┏━━

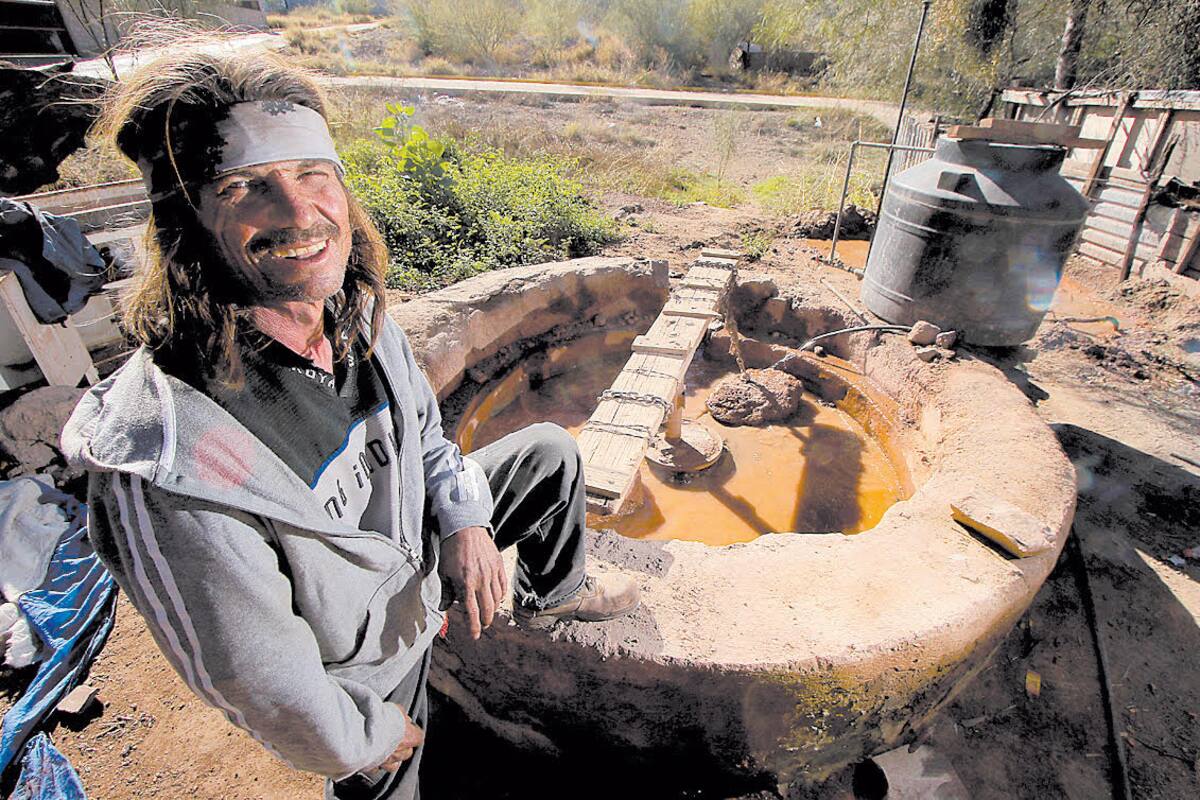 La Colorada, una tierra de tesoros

┗━━
┏━━

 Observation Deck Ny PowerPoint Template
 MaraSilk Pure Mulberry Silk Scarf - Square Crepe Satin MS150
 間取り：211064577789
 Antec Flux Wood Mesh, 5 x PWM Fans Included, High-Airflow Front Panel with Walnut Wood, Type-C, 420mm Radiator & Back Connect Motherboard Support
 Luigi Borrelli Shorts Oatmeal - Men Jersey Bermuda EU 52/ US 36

┗━━

§ **Problem to solve**
Of the lines above, output exactly those from the line bearing "Antec Flux Wood" through the line bearing "Luigi Borrelli Shorts", inclusive.

§ **Written solution**
 Antec Flux Wood Mesh, 5 x PWM Fans Included, High-Airflow Front Panel with Walnut Wood, Type-C, 420mm Radiator & Back Connect Motherboard Support
 Luigi Borrelli Shorts Oatmeal - Men Jersey Bermuda EU 52/ US 36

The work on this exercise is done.